Personally I enjoy trying out every other language I hear about - because I find it fascinating to imagine of what their authors were thinking and how they came to the design. Besides, what I generally like in engineering and IT is that learning a new thing introduces you to the history of the evolution of the industry and makes you get to know and meet a lot of amazing enthusiasts. So I figured I'd go ahead and write a small blog post about various languages I had experience with and my general opinion on the matter.

TLDR:
As usual, the post has some links for further reading at the end (so you can scroll down if you are bored). While I do not consider Wikipedia a reliable source of information, it is still quite useful because it allows you to find links to original papers and you can get a broader knowledge of the subject by skimming through "related" links.

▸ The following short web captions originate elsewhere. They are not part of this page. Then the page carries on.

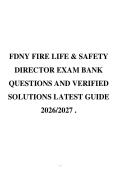 FDNY FIRE LIFE & SAFETY&NewLine;DIRECTOR EXAM BANK&NewLine;QUESTIONS AND VERIFIED&NewLine;SOLUTIONS LATEST GUIDE&NewLine;2026&sol;2027 &period;
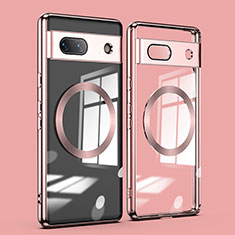 Ultra-thin Transparent TPU Soft Case Cover with Mag-Safe Magnetic AN1 for Google Pixel 7a 5G Rose Gold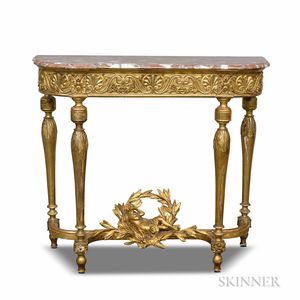 Louis XIV-style Marble-top Giltwood Console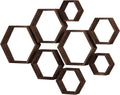 Hexagon Floating Shelves Honeycomb Wall Shelf - Driftwood Rustic Decor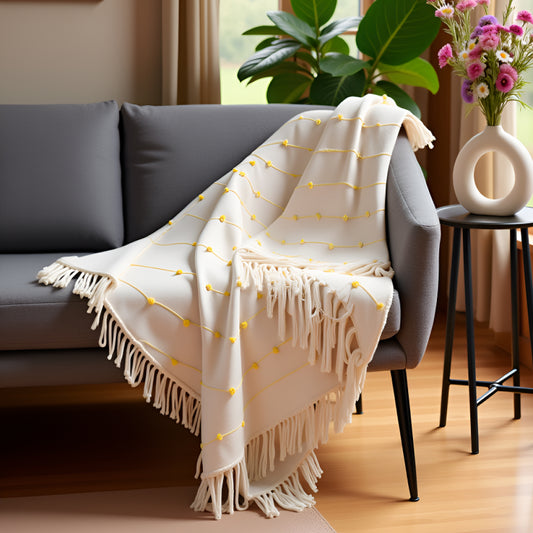 Pure Cotton Beige & Yellow Sofa Throw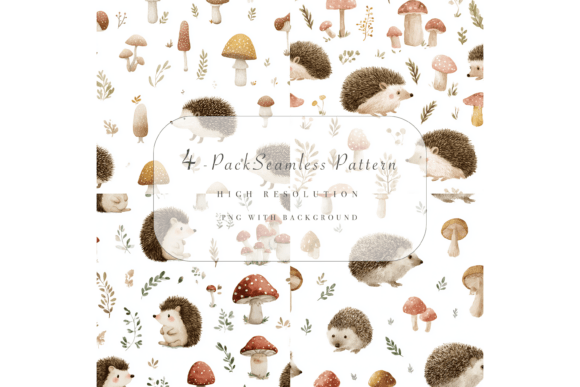 Hedgehog Seamless Pattern 4-Pack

Now, let me tell you some improtant points in case you didn't know or are still confused
  • Every algorithm or a problem can be solved in any language.
  • Some languages allow you to solve some problems in an easier way
  • Some languages bring more fun (positive one as opposed to misery of bug-hunting) to the process of writing code
  • It is usually possible to reuse code written in other languages, but the difficulty of the process may vary
What does really matter when choosing a language?
  • Popularity. A popular language has a community where you can ask questions.
  • Commercial support or maturity. A mature language or the one backed by an enterprise funding is likely to survive for a long time and there's a chance you'll be able to use your code unmodified many years after it's written.
  • Available libraries. Ok, in most cases you write algorithms yourself, but sometimes you'd rather shove an existing piece of code rather then reinvent the wheel. It's important that basic libraries for your tasks (UI, Net, data parsing (XML/JSON), media, etc) exist so you can concentrate on solving your problem. 
  • Native code integration. Well, it's the key point when choosing anything in engineering - how well it integrates into other commonly used solutions. If your language has a FFI (Foreign Function Interface) which allows you to easily reuse binary libraries written in C/Assembly or there exists an automated code generator allowing to plug in the code written in other languages - chances are you can use it for most of your projects. It is important to notice that some languages/platforms (C#/.Net, ruby/python, Haskell) allow you to easily import native code/data and specify data types (sizes, argument types) directly in code, without having to write a stub C library that would touch the dirty inners of the compiler or a VM (Virtual Machine) like it is done for Java and OCaml.
One important aspect to consider is the type system - that is, how data types and variables are declared and how the compiler/interpreter checks the code correctness. We can classify languages based on the typing system used in several ways:
  • dynamic (like ruby which allows to do a lot of stuff at runtime via introspection/reflection [getting type information like available functions and arguments dynamically] at the price of getting a huge crash if you make a typo)
  • static (haskell - where all types are checked during compilation and there even exists an opinion that if a program written in a statically typed language compiles, it is correct)
  • weak(implicit type conversion like in JavaScript and Perl meaning you can add integers and strings and get integers... weird)
  • strict (not even explicit type conversion is possible - like in Haskell/ML which allows to prevent the abuse of type checking)
  • explicit (like C, C++, Java) - you have to define the variable types all the time (like, "int x = 1" or "float Sqrt(int x)..." )
  • implicit (most functional programming languages like Haskell, F# and recently C# and C++0x) - variable type is deduced from the context [TypeInference]. That is, the compiler tries to find at least some variables for which it can tell the type for sure. Like, integer or float constants. Then it goes back substituting each occurence of the untyped variable with the type of the constant that can be used there. Sort of how Hindley-Milner type inference works [HindleyMilner]
Now, let's go over some languages and discuss each of them individually

Assembly
While you may not encounter the case when you really need to use the assembly language, learning a couple different assemblies (a RISC one like ARM or MIPS and a CISC one like X86) and some specific devices (like, DSP (digital signal processors) or a SIMD (single instruction multiple data which are essentially algebraic operations over vectors of data)) will give you a good insight into how computers work.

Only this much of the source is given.